Power Up: your incredible, spectacular, supercharged body by Seth Fishman. Illustrated by Isabel Greenberg. unpgd. Greenwillow Books/ HarperCollins, March 19, 2019. 9780062455796.
Publisher synopsis: The companion to the popular and award-winning A Hundred Billion Trillion Stars.
This captivating and educational picture book from Seth Fishman and Isabel Greenberg introduces young readers to basic facts about energy and the human body. Fun, informative and accessible, Power Up is perfect for classroom and family sharing. A great title to read along with Andrea Beaty’s Ada Twist, Scientist and Oliver Jeffers’s Here We Are.
Did you know there is enough energy in your pinkie finger to power an entire city? And that everything you do—running, jumping, playing, and exploring—uses that same energy inside of you?
In the companion to the acclaimed A Hundred Billion Trillion Stars, Seth Fishman and Isabel Greenberg explore the relationship between energy and the human body, breaking down complicated concepts into small, child-friendly segments. Seth Fishman’s playful text explores the science behind the most energetic kids, while Isabel Greenberg’s vibrant illustrations offer plenty for children to explore in multiple readings.
Ideal for curious kids and classroom learning, this engaging book is for fans of Elin Kelsey’s You Are Stardust and John Scieszka’s Science Verse.
Publisher synopsis: This book is about Circle. This book is also about Circle’s friends, Triangle and Square. Also it is about a rule that Circle makes, and how she has to rescue Triangle when he breaks that rule. With their usual pitch-perfect pacing and subtle, sharp wit, Mac Barnett and Jon Klassen come full circle in the third and final chapter of their clever shapes trilogy.
Smile: how young Charlie Chaplin taught the world to laugh (and cry) by Gary Golio. Illustrated by Ed Young. Unpgd. Candlewick Press, March 26, 2919, 9780763697617.
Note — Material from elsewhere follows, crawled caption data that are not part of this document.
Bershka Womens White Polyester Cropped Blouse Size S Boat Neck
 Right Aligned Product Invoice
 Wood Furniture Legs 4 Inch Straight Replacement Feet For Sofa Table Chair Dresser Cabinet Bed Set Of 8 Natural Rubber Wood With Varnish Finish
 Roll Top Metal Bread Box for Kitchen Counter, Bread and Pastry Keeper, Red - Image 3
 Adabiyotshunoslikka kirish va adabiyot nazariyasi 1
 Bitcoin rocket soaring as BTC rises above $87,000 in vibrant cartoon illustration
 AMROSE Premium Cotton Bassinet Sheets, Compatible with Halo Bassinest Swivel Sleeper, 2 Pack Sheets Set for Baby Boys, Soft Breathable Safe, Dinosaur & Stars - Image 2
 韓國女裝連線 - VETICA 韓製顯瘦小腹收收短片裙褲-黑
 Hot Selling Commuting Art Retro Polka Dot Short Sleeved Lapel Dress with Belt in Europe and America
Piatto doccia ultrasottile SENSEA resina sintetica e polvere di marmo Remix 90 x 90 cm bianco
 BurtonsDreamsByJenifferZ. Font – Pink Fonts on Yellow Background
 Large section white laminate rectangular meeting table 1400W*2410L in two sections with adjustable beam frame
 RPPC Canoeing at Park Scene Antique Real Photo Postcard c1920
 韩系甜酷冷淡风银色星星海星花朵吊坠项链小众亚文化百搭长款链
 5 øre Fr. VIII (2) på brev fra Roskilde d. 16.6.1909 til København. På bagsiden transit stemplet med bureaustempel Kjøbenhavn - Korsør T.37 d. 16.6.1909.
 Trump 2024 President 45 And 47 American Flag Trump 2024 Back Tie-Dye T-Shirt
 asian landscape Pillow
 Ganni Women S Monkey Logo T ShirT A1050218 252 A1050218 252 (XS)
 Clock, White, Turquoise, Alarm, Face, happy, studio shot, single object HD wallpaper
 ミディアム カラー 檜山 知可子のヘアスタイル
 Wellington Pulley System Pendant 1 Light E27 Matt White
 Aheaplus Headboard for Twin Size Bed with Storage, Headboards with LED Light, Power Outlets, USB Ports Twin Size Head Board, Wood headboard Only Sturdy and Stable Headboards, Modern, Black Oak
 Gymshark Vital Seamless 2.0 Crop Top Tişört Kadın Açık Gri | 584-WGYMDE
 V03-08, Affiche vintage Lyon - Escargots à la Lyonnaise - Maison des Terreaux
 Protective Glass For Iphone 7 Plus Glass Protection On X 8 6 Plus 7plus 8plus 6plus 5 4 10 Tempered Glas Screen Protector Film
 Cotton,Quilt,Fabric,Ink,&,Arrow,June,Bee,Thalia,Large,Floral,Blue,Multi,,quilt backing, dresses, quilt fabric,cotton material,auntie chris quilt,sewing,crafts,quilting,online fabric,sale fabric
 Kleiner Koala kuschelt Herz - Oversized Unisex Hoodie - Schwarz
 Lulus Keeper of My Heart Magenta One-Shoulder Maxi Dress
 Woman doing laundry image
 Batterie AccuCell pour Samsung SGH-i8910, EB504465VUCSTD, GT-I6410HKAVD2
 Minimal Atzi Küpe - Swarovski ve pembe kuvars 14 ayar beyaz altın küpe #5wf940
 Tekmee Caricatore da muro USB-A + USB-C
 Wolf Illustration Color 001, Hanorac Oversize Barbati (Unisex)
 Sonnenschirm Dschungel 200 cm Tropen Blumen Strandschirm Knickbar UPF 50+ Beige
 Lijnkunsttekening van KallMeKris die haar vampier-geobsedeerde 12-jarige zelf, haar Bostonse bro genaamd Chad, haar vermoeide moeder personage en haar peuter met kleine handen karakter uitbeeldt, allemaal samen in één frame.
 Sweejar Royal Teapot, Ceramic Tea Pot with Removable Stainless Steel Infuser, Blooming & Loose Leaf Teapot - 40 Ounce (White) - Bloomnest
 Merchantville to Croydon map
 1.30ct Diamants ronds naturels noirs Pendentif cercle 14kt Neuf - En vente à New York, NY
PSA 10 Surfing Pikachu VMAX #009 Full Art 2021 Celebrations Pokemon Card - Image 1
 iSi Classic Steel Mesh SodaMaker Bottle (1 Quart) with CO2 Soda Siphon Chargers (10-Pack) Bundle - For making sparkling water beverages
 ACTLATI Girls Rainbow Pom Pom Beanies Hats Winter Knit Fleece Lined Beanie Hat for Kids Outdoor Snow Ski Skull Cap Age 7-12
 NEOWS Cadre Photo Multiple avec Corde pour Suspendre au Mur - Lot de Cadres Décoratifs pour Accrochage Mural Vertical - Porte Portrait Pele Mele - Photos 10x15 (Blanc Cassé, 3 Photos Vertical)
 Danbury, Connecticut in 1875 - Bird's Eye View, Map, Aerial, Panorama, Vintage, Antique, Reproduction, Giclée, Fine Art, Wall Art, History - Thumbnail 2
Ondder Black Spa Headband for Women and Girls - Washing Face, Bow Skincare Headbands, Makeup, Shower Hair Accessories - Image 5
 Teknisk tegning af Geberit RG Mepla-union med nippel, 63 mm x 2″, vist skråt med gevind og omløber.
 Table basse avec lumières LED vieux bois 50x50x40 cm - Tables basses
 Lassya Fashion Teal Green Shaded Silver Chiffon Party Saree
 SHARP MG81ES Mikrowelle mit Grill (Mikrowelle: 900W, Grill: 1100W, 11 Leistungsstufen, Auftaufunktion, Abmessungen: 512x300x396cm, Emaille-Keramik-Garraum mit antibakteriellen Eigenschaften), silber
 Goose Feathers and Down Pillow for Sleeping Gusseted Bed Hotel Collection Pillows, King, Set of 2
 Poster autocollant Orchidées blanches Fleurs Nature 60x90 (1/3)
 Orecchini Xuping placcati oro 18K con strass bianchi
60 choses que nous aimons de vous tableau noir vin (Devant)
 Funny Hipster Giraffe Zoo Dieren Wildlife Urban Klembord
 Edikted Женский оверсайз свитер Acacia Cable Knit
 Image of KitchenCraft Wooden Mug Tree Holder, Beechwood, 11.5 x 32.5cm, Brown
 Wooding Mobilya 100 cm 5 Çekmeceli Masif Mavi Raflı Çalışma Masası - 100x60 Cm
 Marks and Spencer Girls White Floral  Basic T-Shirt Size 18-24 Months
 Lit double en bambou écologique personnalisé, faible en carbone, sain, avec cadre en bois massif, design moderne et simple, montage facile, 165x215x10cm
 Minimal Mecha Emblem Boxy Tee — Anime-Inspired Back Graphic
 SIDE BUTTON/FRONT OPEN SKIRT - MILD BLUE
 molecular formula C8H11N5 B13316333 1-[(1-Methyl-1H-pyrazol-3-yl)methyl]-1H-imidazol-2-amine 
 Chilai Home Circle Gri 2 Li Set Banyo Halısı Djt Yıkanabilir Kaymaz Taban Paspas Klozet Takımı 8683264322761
Publisher synopsis: Once there was a little slip of a boy who roamed the streets of London, hungry for life (and maybe a bit of bread). His dad long gone and his actress mother ailing, five-year-old Charlie found himself onstage one day taking his mum’s place, singing and drawing laughs amid a shower of coins. There were times in the poorhouse and times spent sitting in the window at home with Mum, making up funny stories about passersby. And when Charlie described a wobbly old man he saw in baggy clothes, with turned-out feet and a crooked cane, his mother found it sad, but Charlie knew that funny and sad go hand in hand. With a lyrical text and exquisite collage imagery, Gary Golio and Ed Young interpret Charlie Chaplin’s path from his childhood through his beginnings in silent film and the creation of his iconic Little Tramp. Keen-eyed readers will notice a silhouette of the Little Tramp throughout the book that becomes animated with a flip of the pages. An afterword fills in facts about the beloved performer who became one of the most famous entertainers of all time.
I am a huge Chaplin fan and am so sad that the beautiful Sid Fleischman biography about him just sits on the shelf. One of my aims in my sixth grade picture book biography unit is to introduce my students to a wide variety of subjects for "tastings" with the hope that they might expand their reading palates to try more full-length biographies. Also, I am head-over-heels in love with that cover!